● WORK ORDER:
Exactly reproduce the lines from the one holding "Nemek 300TSE Seilankerbohrwagen" through the end of the records, including both boundary lines but no pictures.

[Records excerpted from a collection]
_ _ _

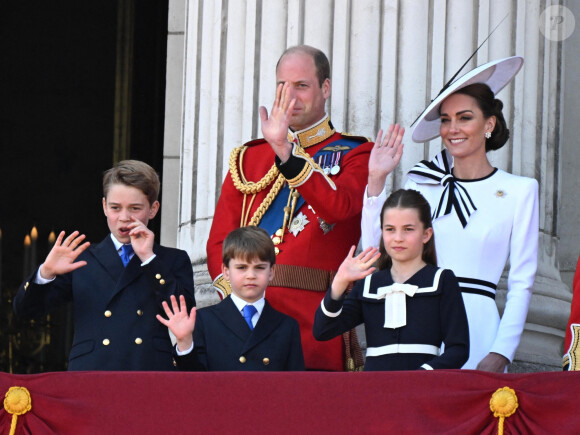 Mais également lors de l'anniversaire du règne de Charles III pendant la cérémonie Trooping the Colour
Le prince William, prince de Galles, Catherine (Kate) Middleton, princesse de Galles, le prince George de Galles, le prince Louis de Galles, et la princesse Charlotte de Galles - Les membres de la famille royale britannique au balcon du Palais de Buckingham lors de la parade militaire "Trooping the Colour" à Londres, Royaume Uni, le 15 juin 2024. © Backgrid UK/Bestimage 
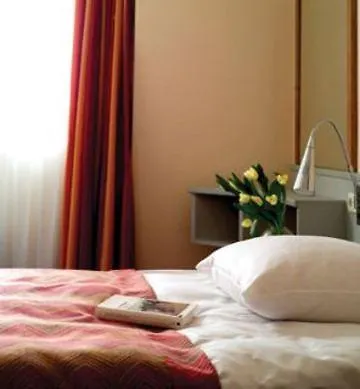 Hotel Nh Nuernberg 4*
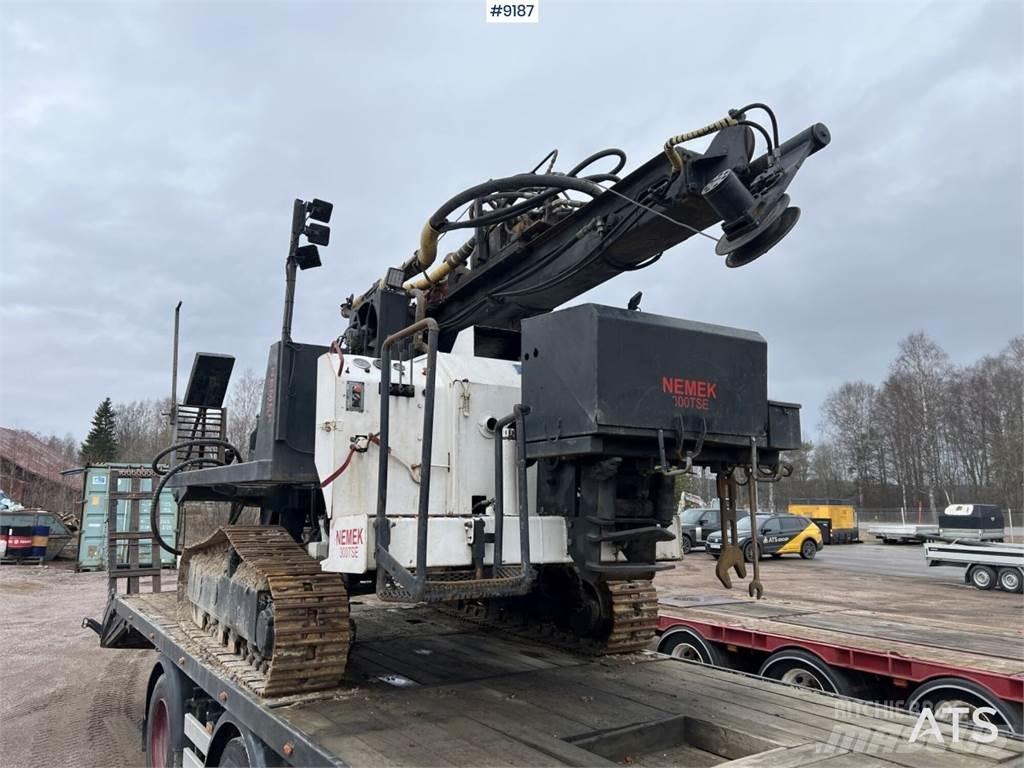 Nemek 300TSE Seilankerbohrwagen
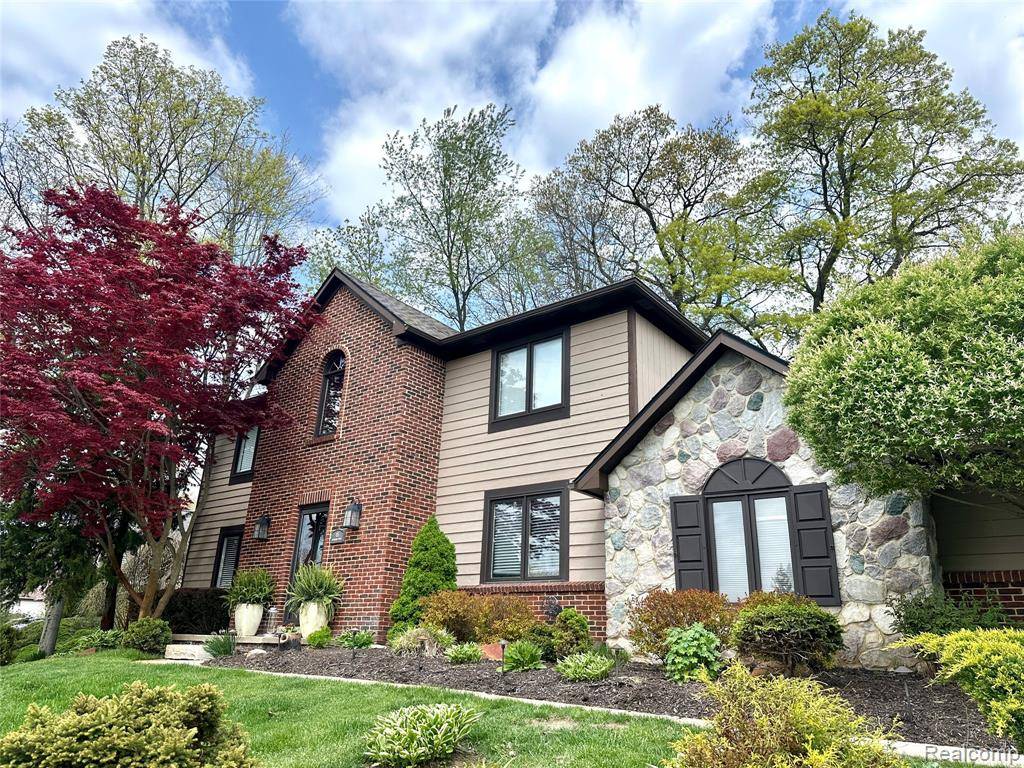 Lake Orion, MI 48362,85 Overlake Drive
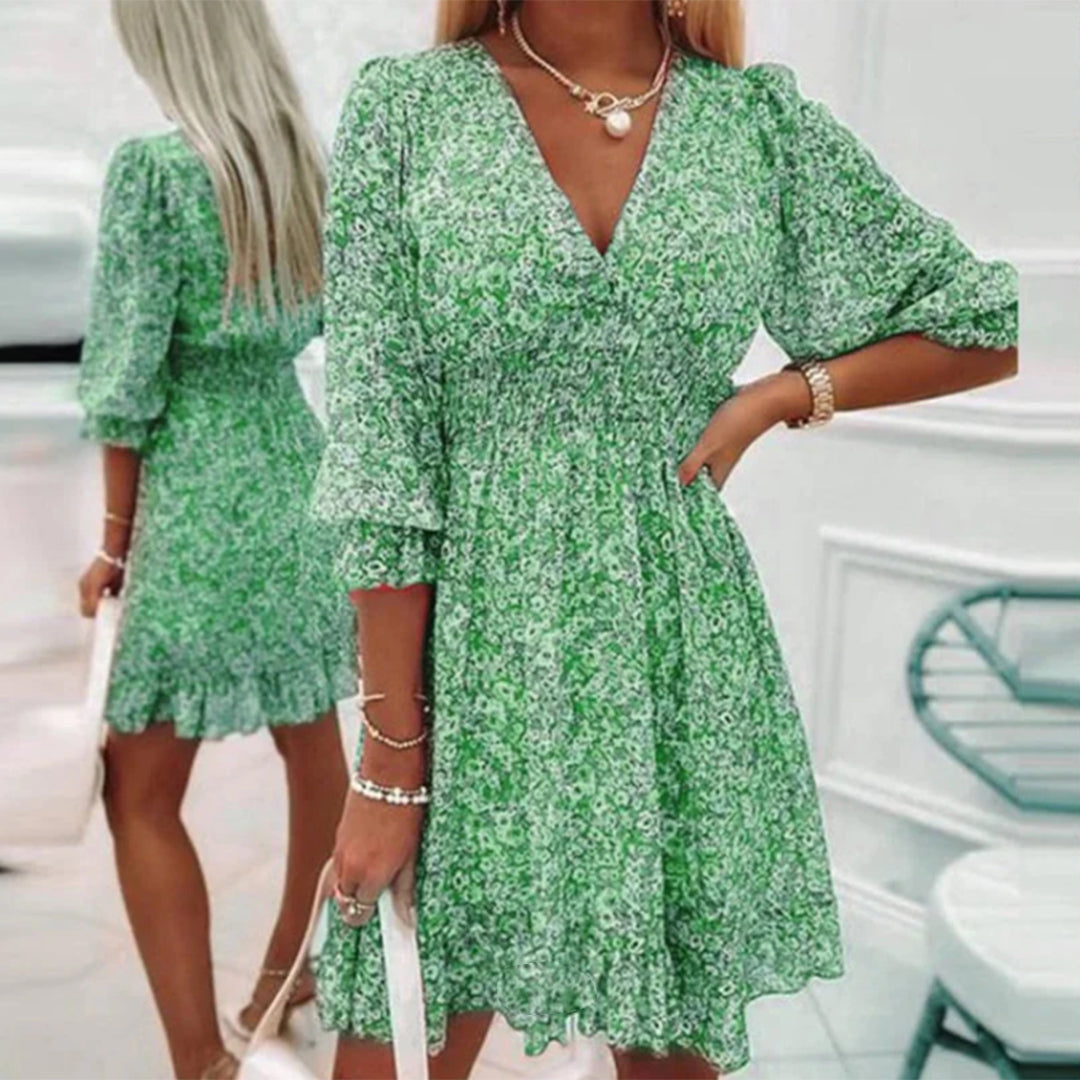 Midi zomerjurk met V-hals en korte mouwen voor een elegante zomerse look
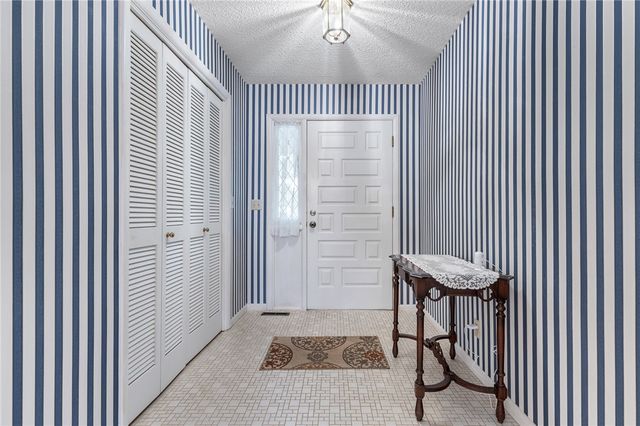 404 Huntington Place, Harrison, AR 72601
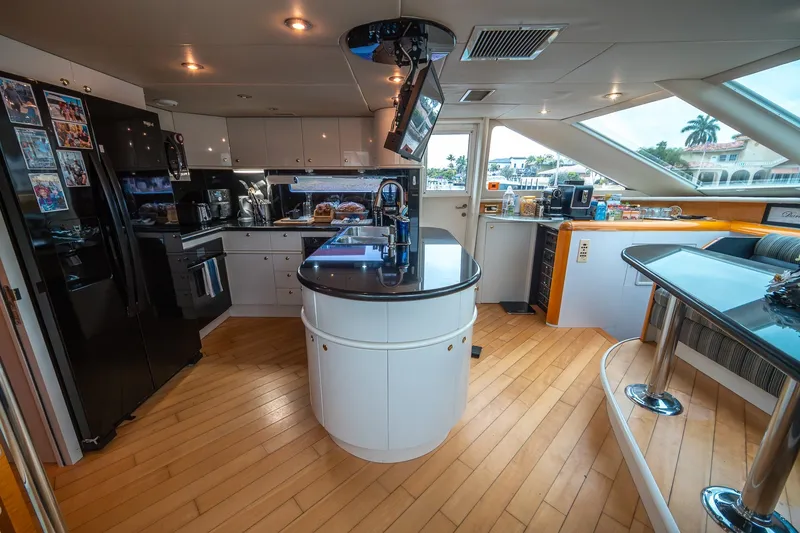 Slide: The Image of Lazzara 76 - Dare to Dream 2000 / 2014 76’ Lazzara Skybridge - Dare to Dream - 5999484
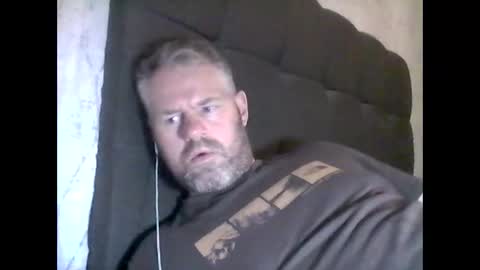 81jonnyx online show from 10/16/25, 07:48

_ _ _

● RESULT:
 Nemek 300TSE Seilankerbohrwagen
 Lake Orion, MI 48362,85 Overlake Drive
 Midi zomerjurk met V-hals en korte mouwen voor een elegante zomerse look
 404 Huntington Place, Harrison, AR 72601
 Slide: The Image of Lazzara 76 - Dare to Dream 2000 / 2014 76’ Lazzara Skybridge - Dare to Dream - 5999484
 81jonnyx online show from 10/16/25, 07:48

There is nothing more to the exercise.